WOLFSBURG, Germany (Reuters) - Volkswagen (VOWG_p.DE), Europe’s biggest carmaker, plans to almost double production capacity in China over the next five years to grab a bigger slice of fast-growing emerging markets and offset declining demand at home.
The German company said on Thursday it aimed to have the capacity to make over 4 million vehicles in China, already its largest market, by 2018.
Volkswagen (VW), which delivered around 9.1 million vehicles in total last year, has said previously it hopes to snatch the global sales crown from Toyota Motor Corp (7203.T) in 2018.
“VW’s future is increasingly being decided in China, Russia, India, the Americas and Southeast Asia,” Chief Executive Martin Winterkorn said as the company published its annual report. “This is where we will generate most of our growth in future.”
Carmakers across the world are relying on emerging markets for growth amid a protracted slump in recession-hit Europe, which if anything has got worse in recent months.
VW said last month, alongside its 2012 results, that growth in group operating profit might stall this year due to weakness in Europe, which would be the first time group earnings have not risen for four years.

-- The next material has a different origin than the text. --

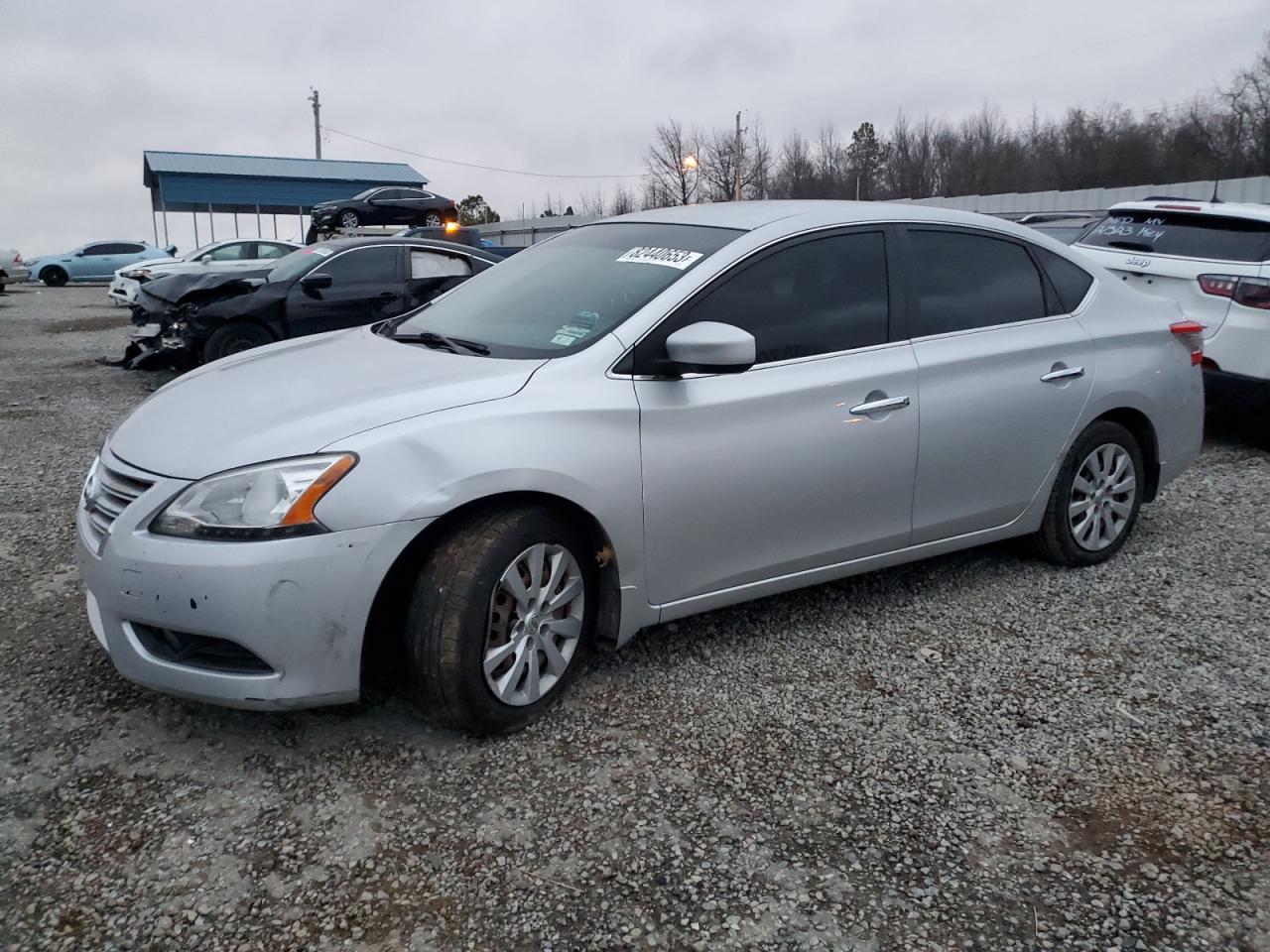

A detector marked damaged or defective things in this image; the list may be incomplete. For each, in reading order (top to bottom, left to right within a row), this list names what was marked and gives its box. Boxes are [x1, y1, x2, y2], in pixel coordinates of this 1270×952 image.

windshield glass of wrecked car [264, 246, 334, 283]
damaged black car [122, 238, 500, 368]
windshield glass of wrecked car [391, 223, 741, 357]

In the annual report, which gave details on 2012 results for the first time, the company said operating profit at its main VW brand fell 4.1 percent to 3.64 billion euros last year despite higher sales, reflecting big discounts to lure European buyers.

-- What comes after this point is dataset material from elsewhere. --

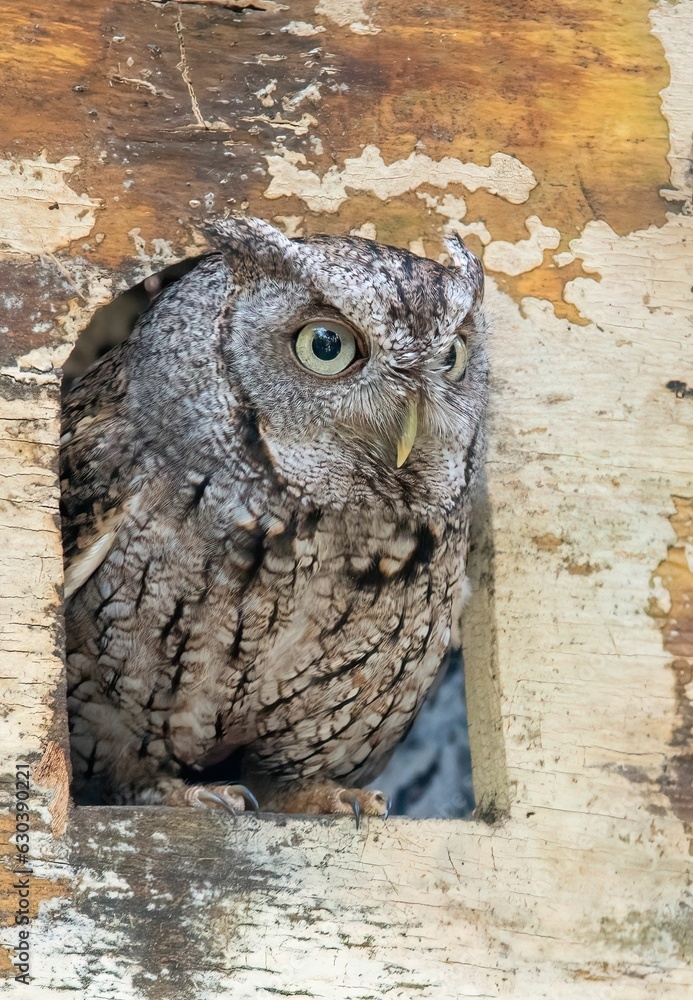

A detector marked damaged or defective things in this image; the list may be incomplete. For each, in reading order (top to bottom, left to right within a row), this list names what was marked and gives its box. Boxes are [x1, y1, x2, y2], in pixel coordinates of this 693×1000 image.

peeling paint [0, 154, 100, 258]
peeling paint [262, 144, 536, 212]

The VW brand, which provides almost a third of group earnings, also saw western European deliveries drop 11.6 percent in the first two months of this year.
“We have to really put our shoulders to the wheel and give our very best,” Winterkorn said. “The environment is definitely a tough challenge, especially for European car makers.”
Operating profit at VW’s two Chinese joint ventures, in contrast, surged 42 percent last year to 3.7 billion euros.
VW has said previously the ventures would spend almost 10 billion euros ($13 billion) through 2015 on new plants, products and technologies.
The company said on Thursday it would set up a new assembly plant in southern China, adding to the dozen component, engine and production factories it already has in the country.
It also has another three assembly plants and two component facilities starting operation in 2013.
With 10.6 billion euros in net cash resources, VW is open to making acquisitions, Winterkorn told Reuters in an interview, noting “there are always opportunities one cannot pass up.”
The company, which counts luxury-division Audi and Czech unit Skoda among its twelve brands, last year boasted the highest ever pretax profit for a German listed company at 25.5 billion euros, mainly due to a revaluation of its holding in sports-car maker Porsche that was fully acquired last August.
Despite headwinds in Europe, Winterkorn expects sales and deliveries to grow this year, noting group vehicle sales in the first two months rose 8.3 percent to about 1.4 million vehicles.
VW said operating profit at Czech division Skoda fell 4.2 percent to 712 million euros last year, while the loss at Spanish brand Seat shrank by a third to 156 million euros.
At 11:15 a.m. EDT, VW shares were down 1.4 percent at 164.62 euros. The stock has outperformed the STOXX Europe 600 autos index .SXAP by 10 percent over the past year.